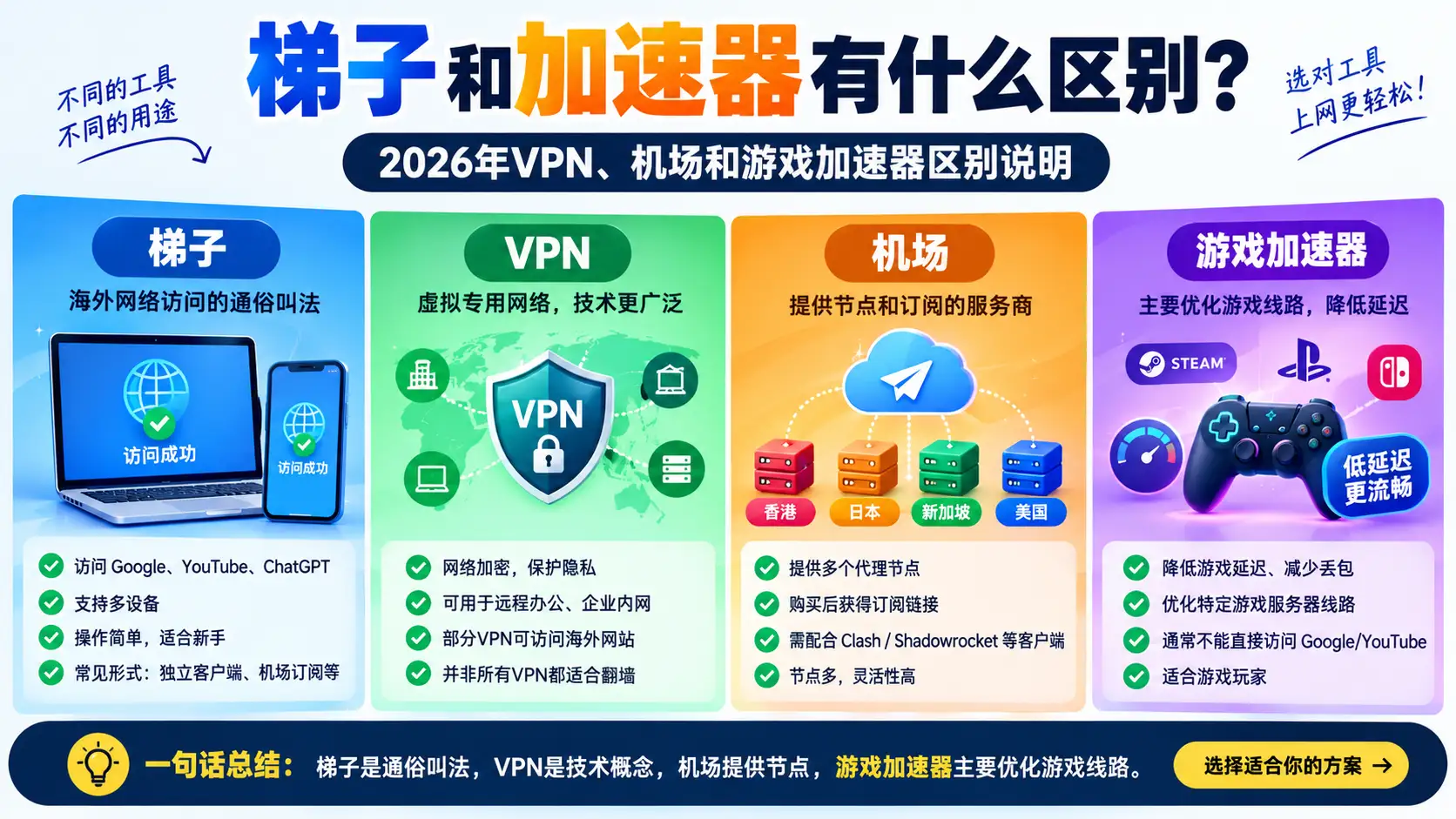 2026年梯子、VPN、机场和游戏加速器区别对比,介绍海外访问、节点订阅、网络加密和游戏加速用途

---

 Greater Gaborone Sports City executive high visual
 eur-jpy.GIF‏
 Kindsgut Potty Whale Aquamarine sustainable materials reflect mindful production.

* * *

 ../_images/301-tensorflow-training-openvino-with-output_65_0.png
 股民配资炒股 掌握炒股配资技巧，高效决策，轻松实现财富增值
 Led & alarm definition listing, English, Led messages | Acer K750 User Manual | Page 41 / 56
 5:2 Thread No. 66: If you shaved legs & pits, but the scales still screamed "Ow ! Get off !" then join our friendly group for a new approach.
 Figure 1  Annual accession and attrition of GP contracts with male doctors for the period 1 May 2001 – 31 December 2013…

Required work: Extract all lines from the material above that include the word "with".

Solution to this task:
 ../_images/301-tensorflow-training-openvino-with-output_65_0.png
 Figure 1  Annual accession and attrition of GP contracts with male doctors for the period 1 May 2001 – 31 December 2013…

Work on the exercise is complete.